La bibliothèque du couvent de Broumov,  photo: Archives de Radio Prague
L'église Saint-Adalbert qui domine le complexe du couvent bénédictin de Broumov est riche en événements, en légendes et aussi en trésors. Hormis la précieuse copie du Saint-Suaire de Turin, on y a retrouvé une croix comprenant des reliques de martyrs chrétiens. Les murs de l'église cachent encore un autre secret : plus de 30 momies de moines bénédictins.

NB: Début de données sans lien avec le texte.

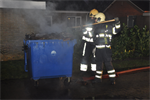 Melding 8.14 Prio 2 Containerbrand Papiercontainer Prof Wassenberghstraat Buitenpost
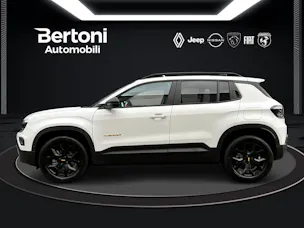 JEEP Avenger 1.2 MHEV The North Face 4xe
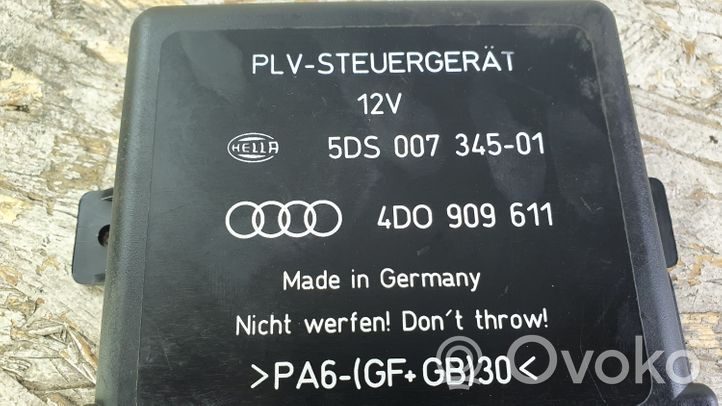 Audi A8 S8 D2 4D Centralina/modulo servosterzo 5DS00734501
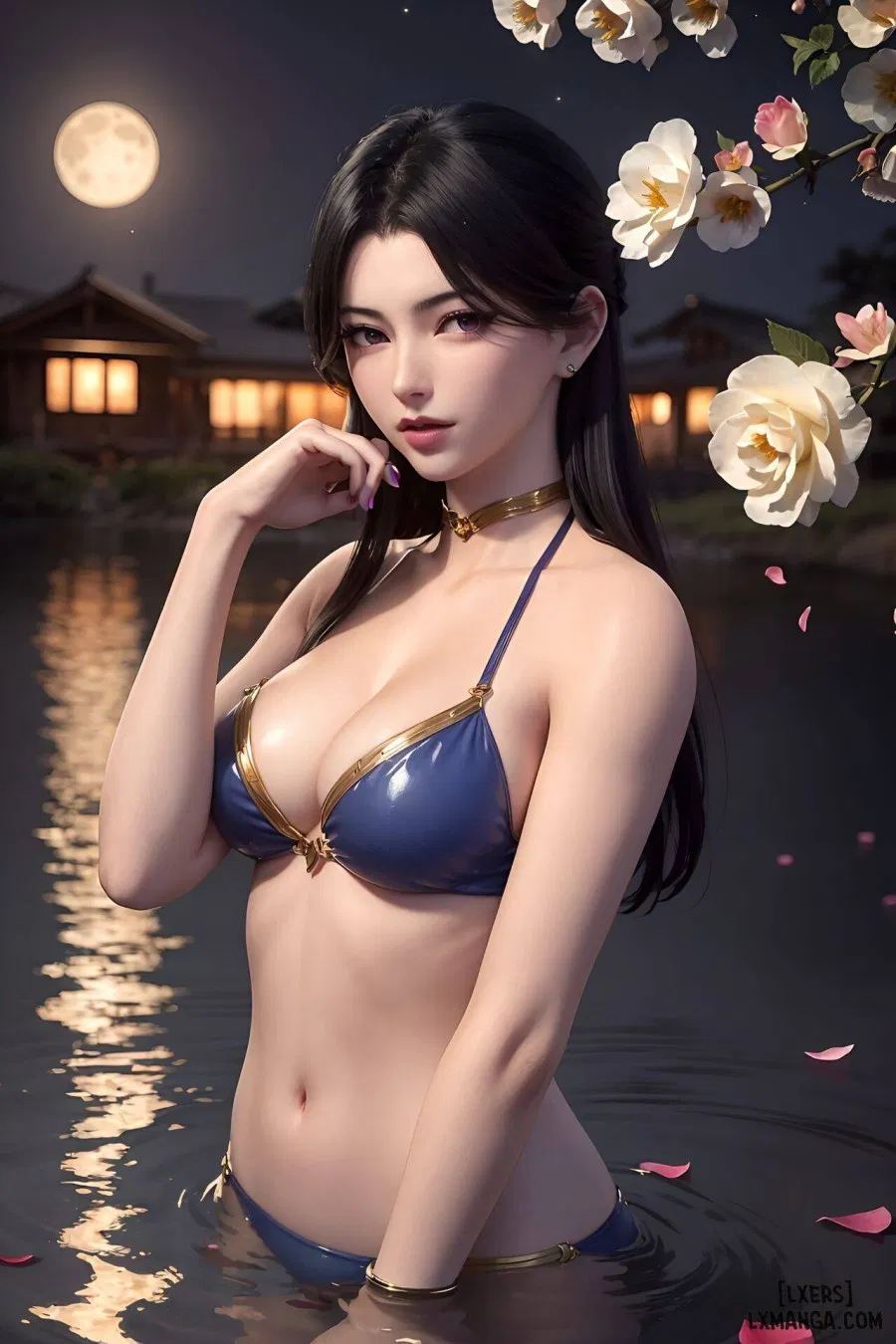 Artist AI Generated 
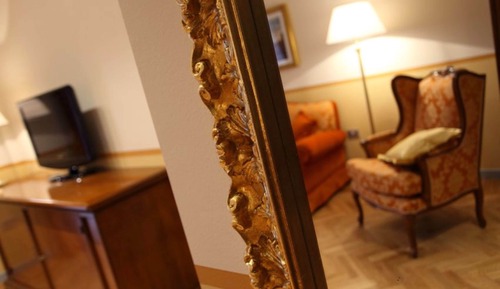 Suite, 1 cama de matrimonio grande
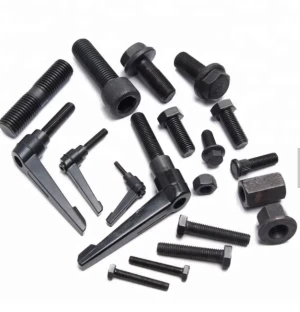 STAINLESS STEEL Bolts and Nuts Black Bolts and Nuts
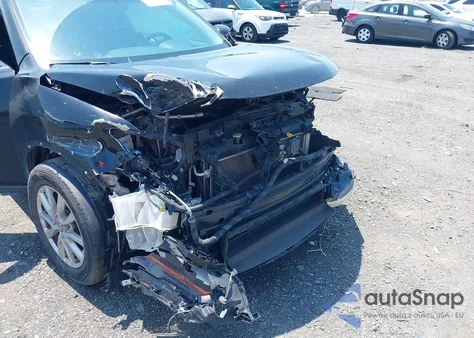 2018 Nissan Rogue Sv z USA, uszkodzony, nr VIN KNMAT2MT8JP511928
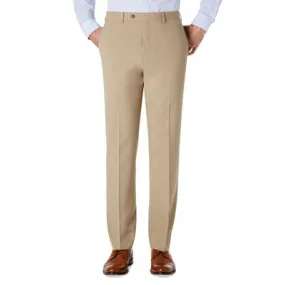 Lauren Ralph Lauren Mens Classic fit Dress Pants 40 / 30 Beige Solid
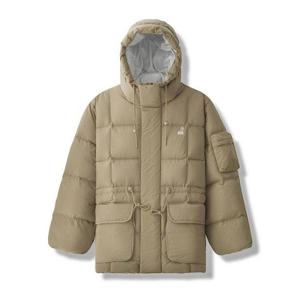 M 캉골패딩 CQK KQFC-OT95800BE 레트로코어 카라코람 9580 베이지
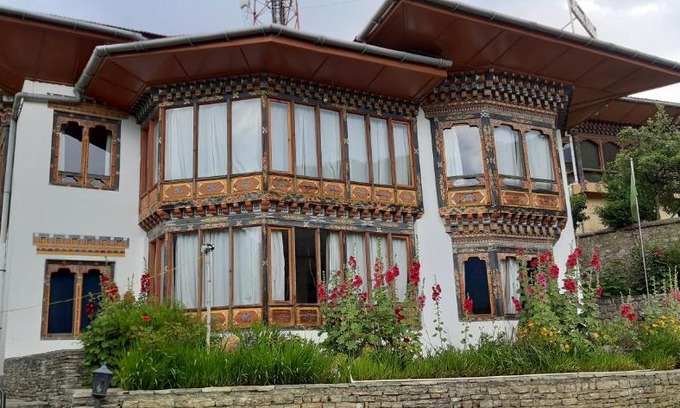 Thimphu Hotel | Kisa Villa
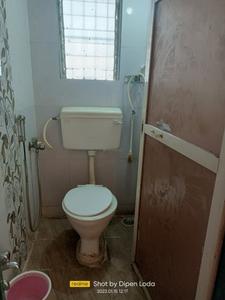 Bathroom Image of 400 Sq.ft 1 RK Apartment / Flat for sale in Dombivli East Thane for Rs. 2300000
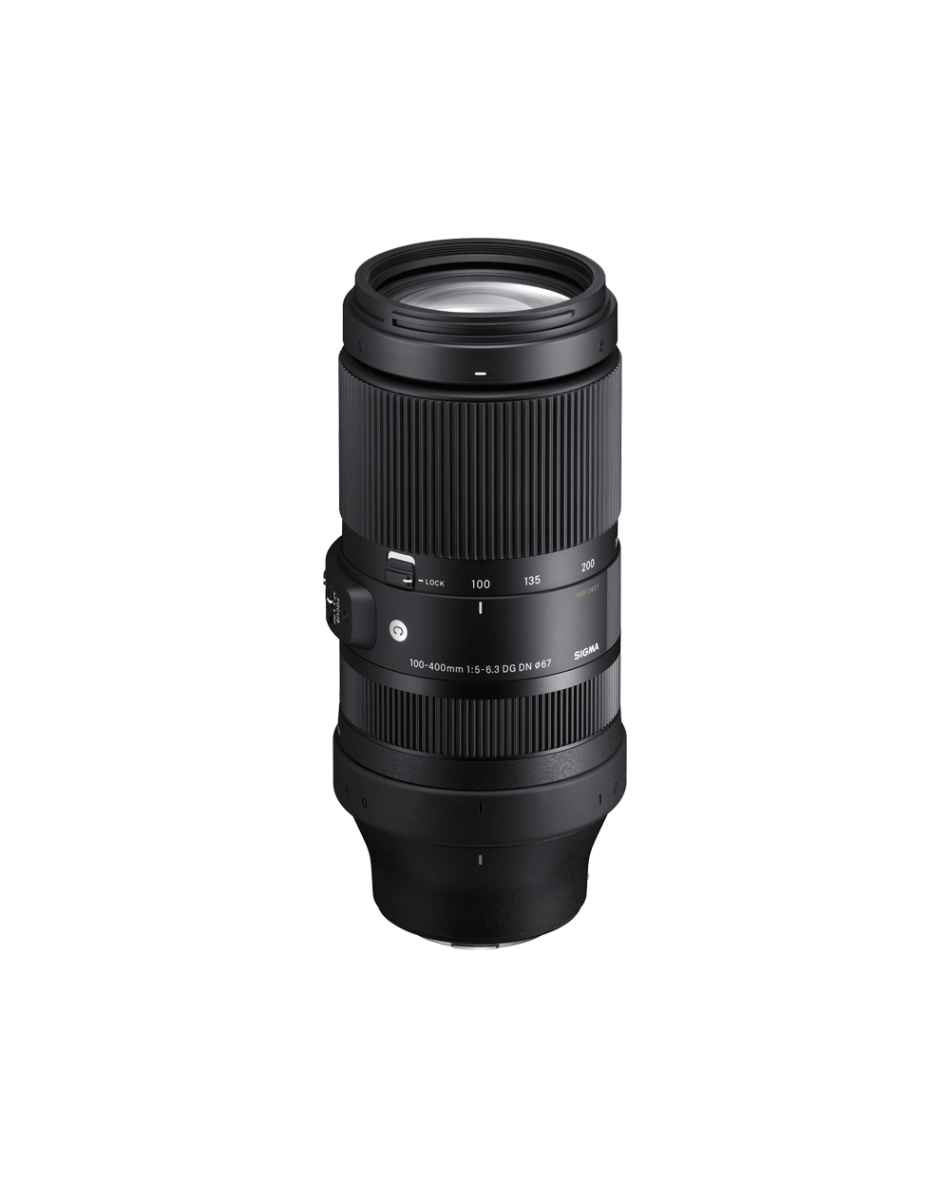 SIGMA 100-400mm F5-6.3 DG DN OS | Contemporary | SIGMA Corporation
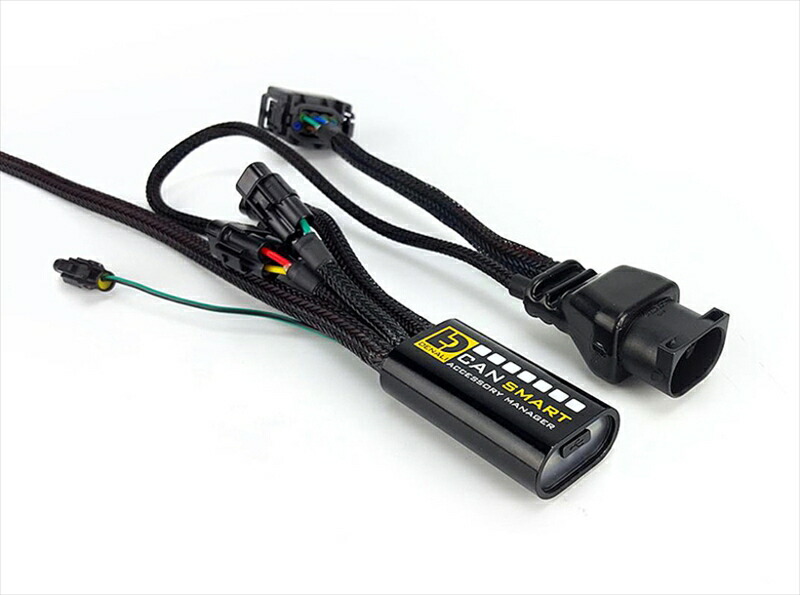 電装系 CANsmart Controller BMW F650/F700/F800 Series DENDNL.WHS.11902 4580779566410 取寄品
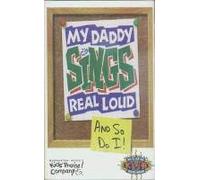 Maranatha Kids Gospel Choir - My Daddy Sings Real Loud...& S [CASSETTE]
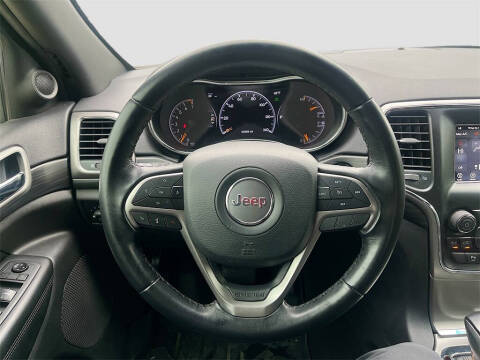 2020 Jeep Grand Cherokee Laredo E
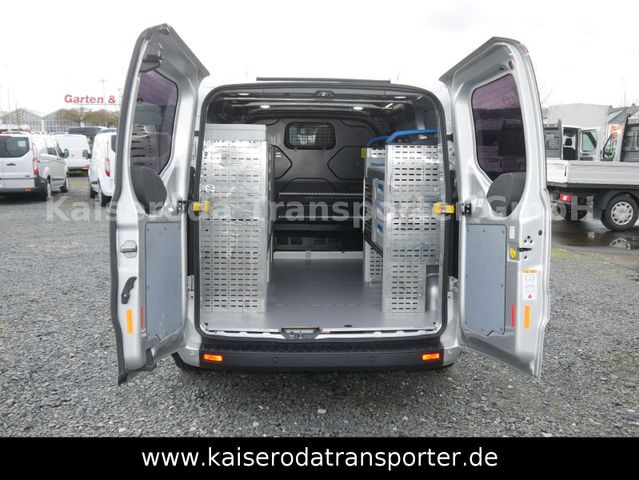 Ford Transit Custom 300 L1H1 VA Werkstatt Klima Navi - Gesloten bestelwagen: afbeelding 1 Ford Transit Custom 300 L1H1 VA Werkstatt Klima Navi - Gesloten bestelwagen: afbeelding 1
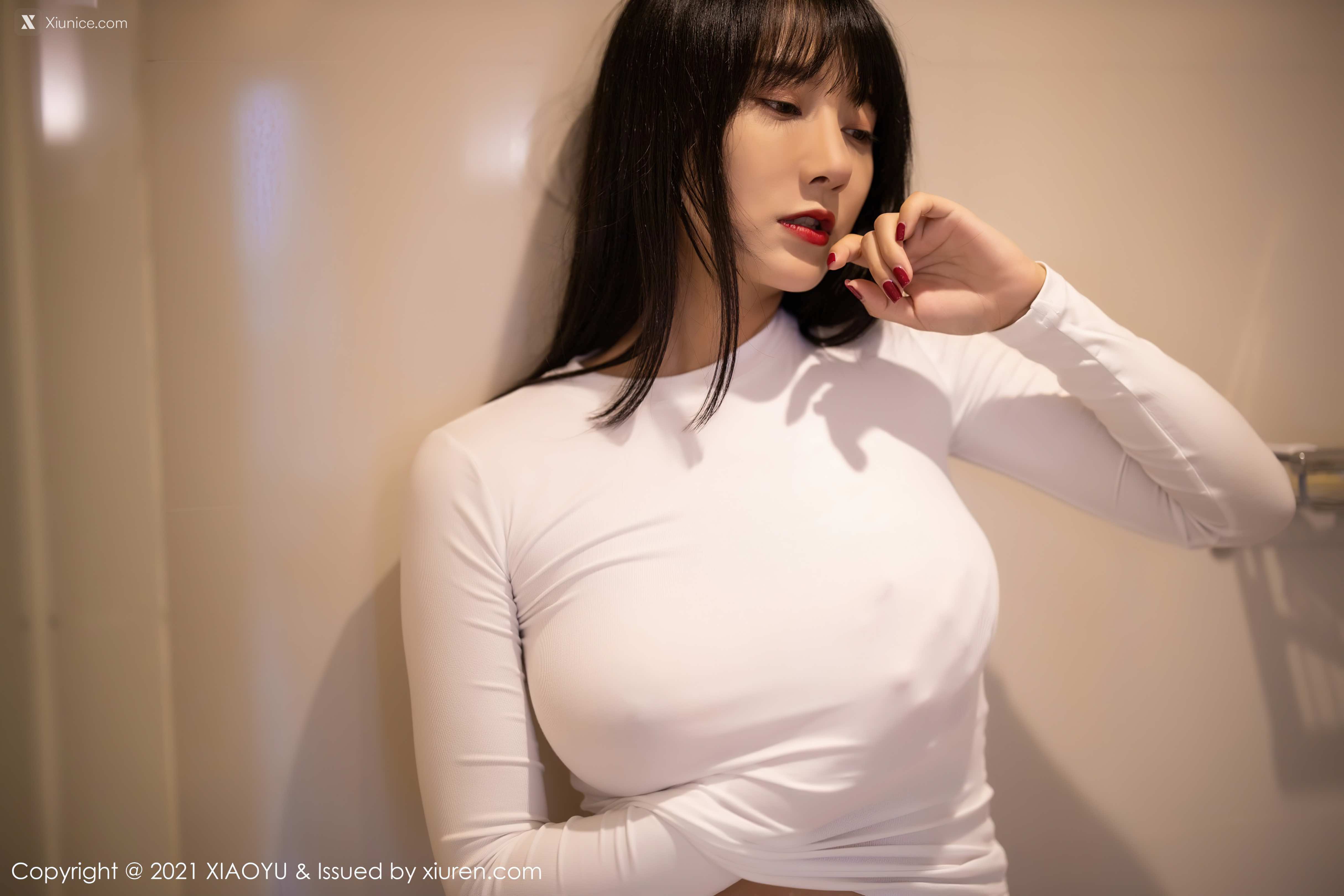 XiaoYu语画界 Vol.0454 何嘉颖 第44张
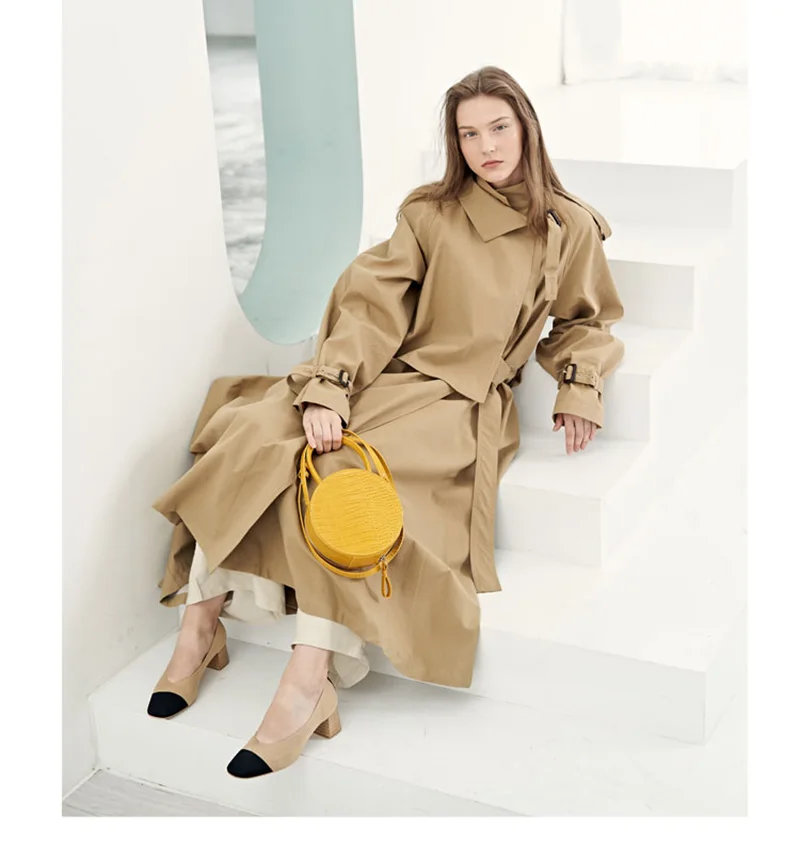 Ins круглые сумочки женская сумка-мессенджер на плечо с узором под крокодила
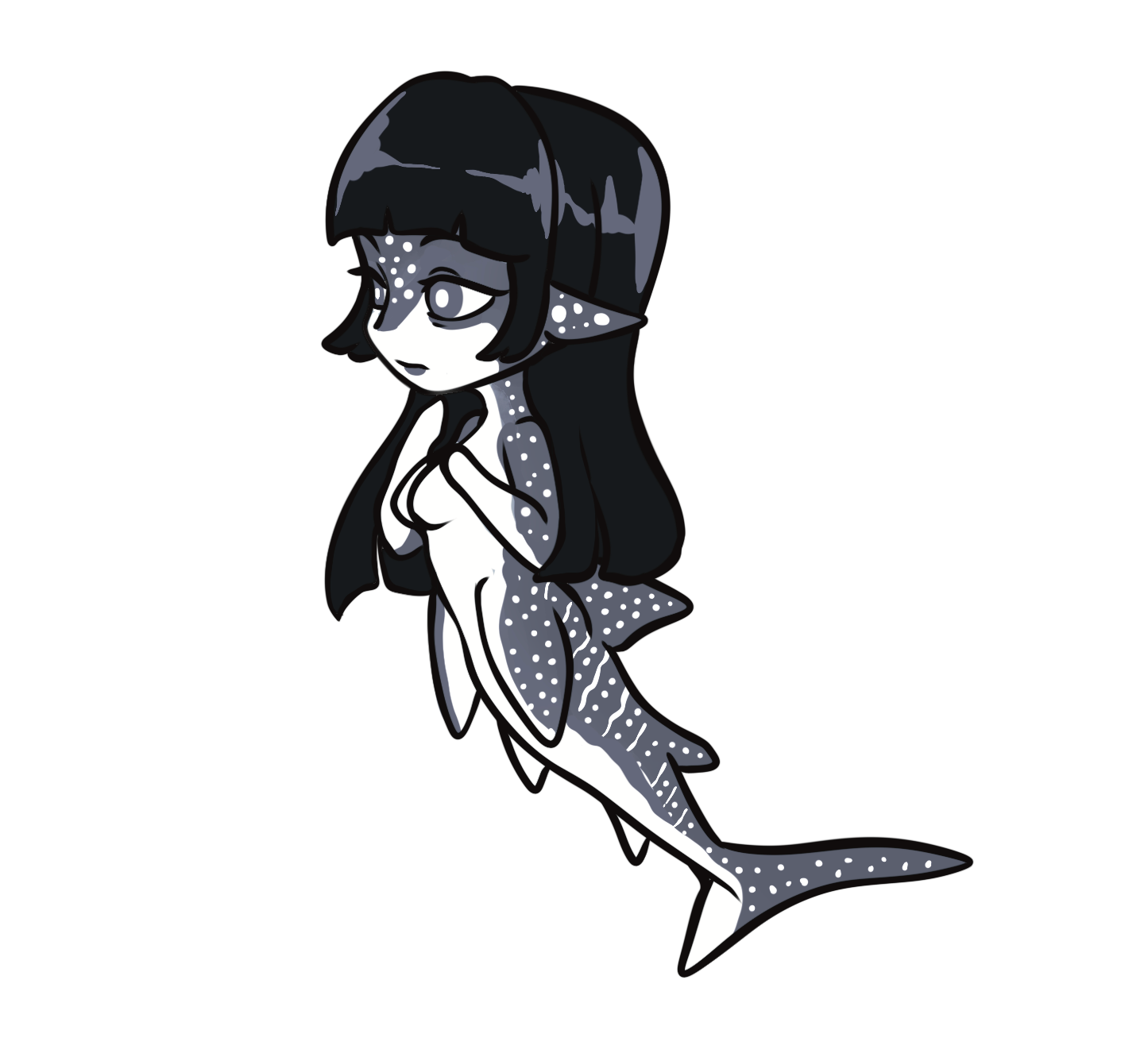 Chibi Whale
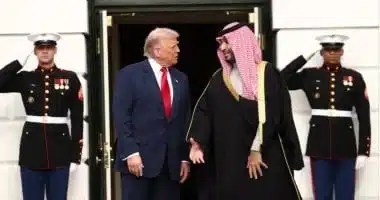 ولي العهد السعودي يسعى لضمان نمو الناتج الإجمالي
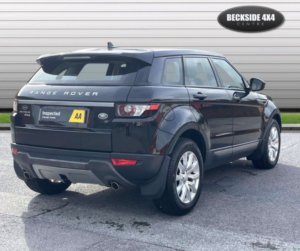 2014 Land Rover Range Rover Evoque 2.2 Sd4 Pure Tech SUV 5dr Diesel Auto 4WD Euro 5 (s/s) (190 Ps) Aa Inspected. in Black — image 4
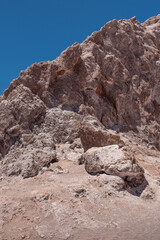 Atacama Desert Landscape, Chile
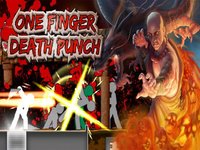 One Finger Death Punch screenshot, image №1794890 - RAWG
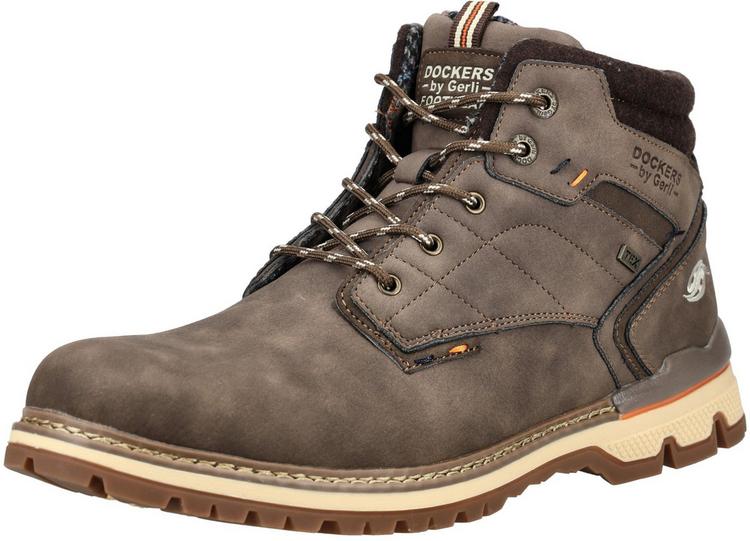 Dockers Dockers Stiefelette Stiefel Herren - Dunkelbraun - 0 | SportScheck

Codex Gigas,  photo: Kungl. biblioteket,  CC BY
La bibliothèque du couvent de Broumov est un des lieux ayant conservé le fameux Codex Gigas. Considéré comme le manuscrit médiéval le plus volumineux – il pèse 75 kilos, le Codex Gigas a été rédigé au XIIIe siècle par des moines bénédictins du monastère de Podlažice en Bohême orientale. Il est également connu sous le nom de Bible du diable en référence à l'enluminure du diable. Selon la légende, la bible a été faite à la main par un seul moine qui a promis de terminer le travail en une seule nuit, mais lorsqu'il a vu qu'il ne réussirait pas, il a sollicité l'aide du diable. Par reconnaissance, il a glissé un portrait du diable dans le manuscrit, d'où son surnom. De 1477 à 1593, le Codex Gigas a été conservé à la bibliothèque du monastère de Broumov, avant d'être emporté à Prague - Strahov. A la fin de la Guerre de Trente Ans, les troupes suédoises ayant occupé Prague l'ont ramené en Suède comme butin de guerre.

La copie du Saint-Suaire de Turin de Broumov
Le monastère de Broumov a connu un destin mouvementé encore au XXe siècle. La communauté allemande a été chassée en 1946 de la région limitrophe de Broumov. Dès 1950, Broumov est devenu le lieu d'internement pour les religieux de différents ordres. A l'heure actuelle, il attire quelques 30 000 pèlerins qui viennent chaque année admirer la copie du Saint-Suaire de Turin.